Habertürk
    Takipde Kalın!
      Günlük gelişmeleri takip edebilmek için habertürk uygulamasını indirin

        Futbolumuzda heyecanın artmasıyla birlikte değişik tartışmalar da başladı. Saha içi mücadele, saha dışına taştı.

        Nedir bu tartışmaların başında gelen? Futbol Federasyonu Profesyonel Disiplin Kurulu tarafından verilen ya da verilmeyen cezalar.

        Şu bir gerçek: Futbol mecramızda güvenilmeyen kurulların başında Profesyonel Futbol Disiplin Kurulu geliyor. Keza Tahkim Kurulu!

        Niye böyle peki? Çünkü bu kurullar genelde “ahbap-çavuş” usulü oluşturuluyor.

        Federasyonun en tepe koltuğunda kim oturuyorsa... Bu beyefendinin el uzattığı kişilere de alt ya da orta sıralardan birer koltuk veriliyor.

        Liyakat, şu, bu, bir kenara itiliyor. Böyle gelmiş böyle gidiyor.

        Durum böyle olunca... Cezalar da adamına göre veriliyor. İsimlerin ve renklerin yakınlığı doğrultusunda... Kararlar belirleniyor.

        İyi hatırlıyorum. Bir zamanlar federasyonun başında Galatasaraylı bir muhterem oturuyordu, samimiyetime inanın lütfen, Profesyonel Futbol Disiplin Kurulu’nu uzaktan kumandayla yönetiyordu. Nasıl mı? Toplantı sırasında kurul başkanına telefon ediyor ya da ettiriyordu, kurul başkanı ahizeyi açıyordu, kurul üyeleri de kuzu kuzu dinliyordu.

        Zaten o kurulun bazı üyeleri uzun dönem görev yaptı. Tabii buna görev denirse!

        Yakın tarihten bir örnek vereyim. Kimse unutmadı değil mi, Fenerbahçeli çok muhterem bir yöneticinin “Disiplin Kurulu 4-3, Tahkim Kurulu da 6-1 bizde” şeklindeki sözlerini... Üstelik hukuk adamıdır kendisi. Sürekli adaletten söz eder. Halen de ülke futbolunda racon keser!

        Örnekler saymakla bitmez. Kritik noktalarda ve kararlarda renktaşlık hep ön plana çıktı.

        Zaten işte biraz da bu yüzden ülke futbolunun çivisi çıktı.

        Hatırlayın lütfen, hemen her sezon herhangi bir futbolcu ya da takım için 3 ya da 5 maç ceza geleceği beklenirken, ‘abrakadabra’ sonucu birileri cezadan nasıl kurtuluyor! Bazı beyefendilerin dosyası sümenaltı edilirken, bazı futbolcu ya da takımlara acımasızca nasıl vuruluyor!
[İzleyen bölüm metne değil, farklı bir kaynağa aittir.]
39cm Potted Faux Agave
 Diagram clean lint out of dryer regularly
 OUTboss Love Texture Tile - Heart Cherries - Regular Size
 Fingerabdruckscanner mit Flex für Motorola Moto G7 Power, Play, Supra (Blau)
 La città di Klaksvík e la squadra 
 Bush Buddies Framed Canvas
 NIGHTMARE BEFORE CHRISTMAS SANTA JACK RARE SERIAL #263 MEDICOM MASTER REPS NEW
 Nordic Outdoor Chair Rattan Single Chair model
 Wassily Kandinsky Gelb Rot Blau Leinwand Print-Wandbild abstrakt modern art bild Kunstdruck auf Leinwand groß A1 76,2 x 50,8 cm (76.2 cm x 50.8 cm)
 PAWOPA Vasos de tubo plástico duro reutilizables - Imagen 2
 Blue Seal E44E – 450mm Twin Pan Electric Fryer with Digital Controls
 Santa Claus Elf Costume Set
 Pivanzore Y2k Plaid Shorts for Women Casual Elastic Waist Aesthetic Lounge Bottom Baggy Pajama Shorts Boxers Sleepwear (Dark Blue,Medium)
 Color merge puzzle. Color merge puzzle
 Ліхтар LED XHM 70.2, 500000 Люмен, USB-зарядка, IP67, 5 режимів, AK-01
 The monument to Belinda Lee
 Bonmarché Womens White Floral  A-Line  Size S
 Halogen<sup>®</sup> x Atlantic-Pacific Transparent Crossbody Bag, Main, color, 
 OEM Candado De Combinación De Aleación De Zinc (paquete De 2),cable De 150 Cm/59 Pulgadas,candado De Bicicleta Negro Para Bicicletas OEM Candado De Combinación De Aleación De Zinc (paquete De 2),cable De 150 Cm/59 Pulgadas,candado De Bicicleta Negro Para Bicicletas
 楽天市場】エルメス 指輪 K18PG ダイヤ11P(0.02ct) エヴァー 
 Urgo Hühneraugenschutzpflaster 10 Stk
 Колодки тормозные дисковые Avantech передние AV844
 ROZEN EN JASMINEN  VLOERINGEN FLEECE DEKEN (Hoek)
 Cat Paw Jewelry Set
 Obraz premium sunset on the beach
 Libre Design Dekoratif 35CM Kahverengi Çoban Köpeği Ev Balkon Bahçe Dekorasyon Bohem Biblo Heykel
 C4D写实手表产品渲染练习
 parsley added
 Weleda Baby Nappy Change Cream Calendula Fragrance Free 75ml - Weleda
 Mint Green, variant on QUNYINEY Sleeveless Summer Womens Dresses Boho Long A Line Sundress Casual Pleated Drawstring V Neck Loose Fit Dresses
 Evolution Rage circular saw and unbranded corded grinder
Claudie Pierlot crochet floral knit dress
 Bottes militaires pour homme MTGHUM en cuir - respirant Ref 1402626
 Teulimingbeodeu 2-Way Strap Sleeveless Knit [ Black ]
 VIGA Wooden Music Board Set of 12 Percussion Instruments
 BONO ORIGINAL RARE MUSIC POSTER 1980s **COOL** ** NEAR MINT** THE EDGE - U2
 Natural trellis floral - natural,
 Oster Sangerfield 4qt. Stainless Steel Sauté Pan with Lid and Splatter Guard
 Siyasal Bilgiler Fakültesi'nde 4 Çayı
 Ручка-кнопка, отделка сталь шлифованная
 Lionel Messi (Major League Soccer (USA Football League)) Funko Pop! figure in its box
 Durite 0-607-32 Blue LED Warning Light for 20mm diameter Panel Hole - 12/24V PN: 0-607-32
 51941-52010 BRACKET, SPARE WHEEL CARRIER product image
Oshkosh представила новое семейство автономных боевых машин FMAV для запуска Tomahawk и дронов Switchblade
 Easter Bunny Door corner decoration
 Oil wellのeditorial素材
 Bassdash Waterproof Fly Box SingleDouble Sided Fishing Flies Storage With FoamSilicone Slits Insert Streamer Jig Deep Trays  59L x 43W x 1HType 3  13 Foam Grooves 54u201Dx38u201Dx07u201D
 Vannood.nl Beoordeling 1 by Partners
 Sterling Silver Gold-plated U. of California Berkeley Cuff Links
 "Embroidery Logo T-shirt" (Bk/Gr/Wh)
        Uzun yıllar içerisinde elbette ki son derece değerli bazı hukukçular da görev yaptı. Doğrusu da bu... Aksi olmaması ve konuşulmaması gerekir ama ne yazık ki acı tabloyu da ortaya koymamız gerekiyor.

        Bugünkü durum ne peki? Beşiktaş ağırlıklı bir Disiplin Kurulu var. Rakama ve isimlere tek tek girmeyeyim ama şunu belirteyim. İstenildiği takdirde hemen her karar Beşiktaş lehine “oy çokluğuyla” alınabilir.

        Söylememe gerek yok. Herkesin tuttuğu bir takım olabilir. Önemli olan görevi adil yapabilmek. Tarafsız olabilmek. Bir hukukçu olarak adalet mekanizmasını en iyi şekilde işletebilmek. Aranan bu... Fazla bir şey değil!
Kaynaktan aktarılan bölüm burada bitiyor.